Site Reliability Engineer

Job description

PLEASE NOTE: This position is based in our Swiss HQ in Mendrisio, Switzerland, just 7km over the border from Como, Italy. Mendrisio is easily commutable from Milan, Como, Varese or Lugano and Cloud Academy provides the train ticket for you!


Cloud Academy is the leading digital skills development platform that enables every enterprise to become a tech company through guided Learning Paths, Hands-on Labs, and Skill Assessment. Cloud Academy delivers role-specific training on leading cloud technologies (AWS, Azure, Google Cloud Platform), essential methodologies needed to operate on and between clouds (DevOps, security, containers), and capabilities that are unlocked by the cloud (big data, machine learning).


Companies like Turner, Cognizant, SAS, and ThermoFisher customize Cloud Academy to contextualize learning and leverage the platform to assign, manage, and measure cloud enablement at scale.

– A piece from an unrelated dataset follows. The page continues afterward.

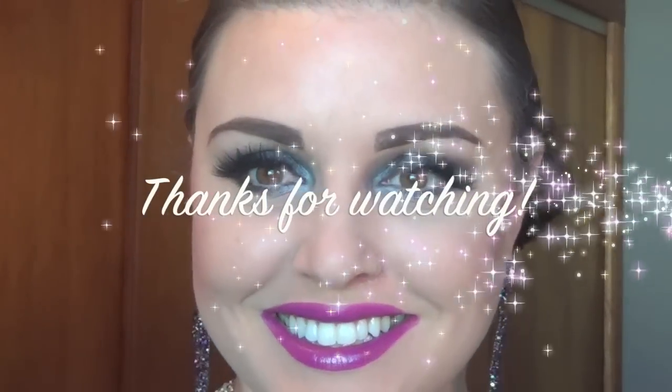And here's the finished look. I hope you guys enjoyed. All products will be listed below. Make sure to check out Lacey Nicole's channel — tell her I sent you. Happy New Year, lovies. Bye!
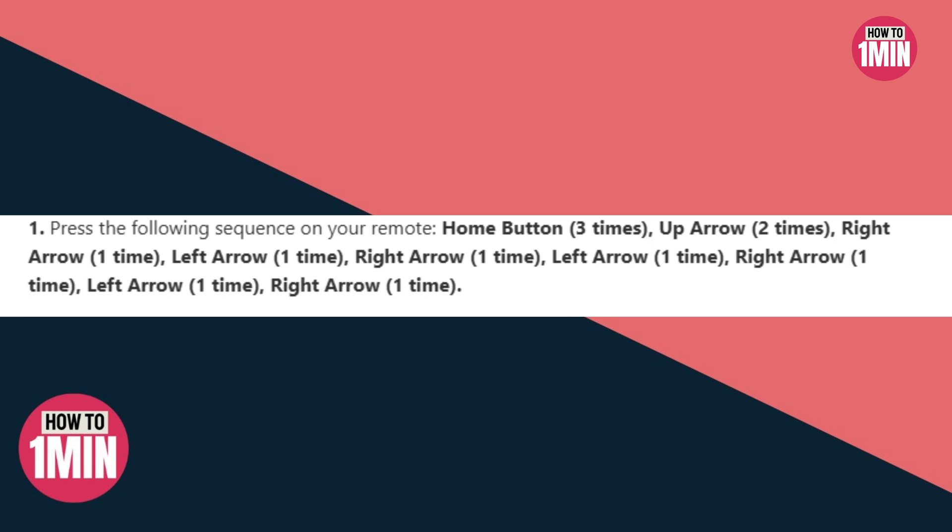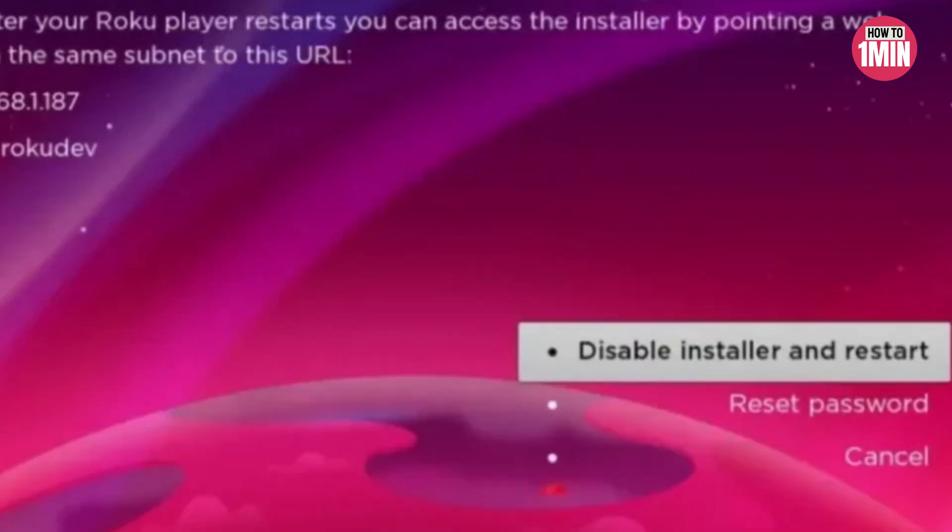Then you need to enable developer options on Roku. You need to press the Home button three times, Up arrow two times, Right arrow one time, Left arrow one time, Right arrow one time, Left arrow one time — pressing all these buttons as shown on your remote. The developer options menu will appear if done correctly.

We are looking for a strong SRE to add to our current SRE team. The ideal candidate is someone who is excited about working for a growing, international company that is building an amazing product.


Role description:

SREs are responsible for creating and maintaining fully automated pipelines that enable developers to release features when they are ready. They are also responsible for architecting, implementing and maintaining a performing and elastic infrastructure.

In this role, you will be responsible for contributing to the definition and the implementation of both the infrastructure and CI/CD pipelines architecture to make the above a reality. This will require you to proactively collaborate with other team members and contribute to an atmosphere of success, where we can quickly achieve goals without breaking things in production in the process.

This team works closely with our engineers to make sure they have the tools they need for success. Automation will start with CI/CD, and extend to a fully-serviced container delivery system where an engineer can build, test, and release on demand.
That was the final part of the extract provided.